British military officer and forestry official in South Africa

Christopher Harison (c. 1825 - 8 November 1897) was a British military officer and forestry official in South Africa. He served as Conservator of Forests and was an authority on forest practice in the region.

Harison was born at Sutton Place, Seaford, East Sussex. He first arrived in the Cape of Good Hope in 1849 as a captain in the Perthshire Regiment (later the 2nd Battalion of the Black Watch, Royal Highland Regiment) to take part in the Eighth Frontier War (1850–1853). He resigned his commission on returning to England, married Louise Marie Millett Moorman, the daughter of a naval officer, and returned to Cape Agulhas to breed horses. The stud farm was not a success, and Harison joined the Government Forest Service. In 1856 was appointed Conservator over a large section of the Southern Cape forests, namely the Tsitsikamma forests eastward to Alexandria. His headquarters were located at Witelsbos near Storms River. In 1874 he became Conservator of a newly created conservancy including the forests of George, Knysna and Humansdorp. In 1888, he transferred to Tokai in Cape Town as Conservator over the Western Conservancy.

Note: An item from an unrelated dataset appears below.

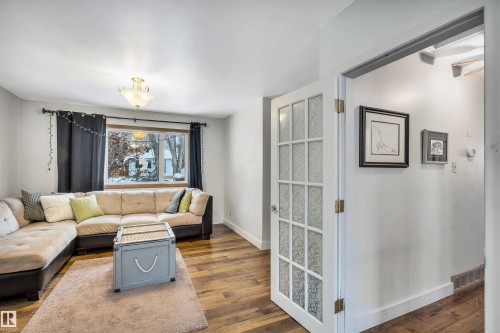 12237 47 Street, Edmonton, AB - Indoor Photo Showing Living Room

Thomas Bain and Christopher Harison first explored the feasibility of the Grootrivier Pass near Nature's Valley in 1868. Harison's interest in the building of the road stemmed from his belief that it could be used to halt the runaway destruction of the forest started by Dutch East India Company woodcutters in 1777 and carried on by their descendants. During his career as Conservator he was tireless in his efforts to preserve the forests and wildlife for posterity. A giant yellowwood in the Tsitsikamma Forest is named in his honour. He retired to Knysna in 1895, and died two years later.

His son, Launcelot Malcolm Harison, attended St Andrew's College in Grahamstown from 1869 to 1874. He was finally attached to Lord Methuen's staff and became president of the Military Court. His daughter, Eliza 'Bessie' Georgiana Harison, married Charles Wilhelm Thesen (1856–1940) of Knysna and produced ten children. She died in 1901 of complications during pregnancy at the age of thirty-eight.